» **Input data**
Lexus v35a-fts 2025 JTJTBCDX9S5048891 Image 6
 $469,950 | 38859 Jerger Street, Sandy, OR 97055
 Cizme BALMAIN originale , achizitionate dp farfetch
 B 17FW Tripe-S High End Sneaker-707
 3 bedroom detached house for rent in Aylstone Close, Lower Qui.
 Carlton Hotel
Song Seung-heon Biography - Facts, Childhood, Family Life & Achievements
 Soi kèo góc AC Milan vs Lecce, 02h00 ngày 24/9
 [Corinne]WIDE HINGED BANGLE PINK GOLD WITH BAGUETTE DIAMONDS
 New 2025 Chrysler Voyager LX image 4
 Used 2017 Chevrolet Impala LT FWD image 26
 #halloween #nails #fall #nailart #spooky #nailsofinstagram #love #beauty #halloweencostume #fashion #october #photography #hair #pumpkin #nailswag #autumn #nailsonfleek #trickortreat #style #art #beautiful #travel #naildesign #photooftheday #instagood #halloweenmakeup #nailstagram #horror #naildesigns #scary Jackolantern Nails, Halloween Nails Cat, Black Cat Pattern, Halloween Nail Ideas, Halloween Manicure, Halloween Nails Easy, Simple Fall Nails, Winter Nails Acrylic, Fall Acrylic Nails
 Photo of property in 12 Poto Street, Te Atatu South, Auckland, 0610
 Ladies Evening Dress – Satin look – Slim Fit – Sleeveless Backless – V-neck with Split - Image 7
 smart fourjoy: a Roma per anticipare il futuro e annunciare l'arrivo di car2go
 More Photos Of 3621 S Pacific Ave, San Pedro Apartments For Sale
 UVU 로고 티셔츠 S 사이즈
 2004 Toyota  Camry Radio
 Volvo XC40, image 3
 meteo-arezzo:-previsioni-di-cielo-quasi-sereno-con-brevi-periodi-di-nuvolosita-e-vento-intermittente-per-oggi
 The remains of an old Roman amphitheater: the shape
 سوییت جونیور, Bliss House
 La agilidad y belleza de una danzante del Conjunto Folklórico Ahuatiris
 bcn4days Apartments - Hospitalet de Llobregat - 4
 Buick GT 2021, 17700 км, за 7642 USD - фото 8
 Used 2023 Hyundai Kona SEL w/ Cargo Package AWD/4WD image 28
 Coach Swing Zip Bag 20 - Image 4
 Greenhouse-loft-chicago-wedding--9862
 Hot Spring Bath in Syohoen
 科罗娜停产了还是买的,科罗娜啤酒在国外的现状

» **Problem description**
Lines holding "Street" in the listing above: report how many there are, with the number alone.

» **Answer to the problem**
2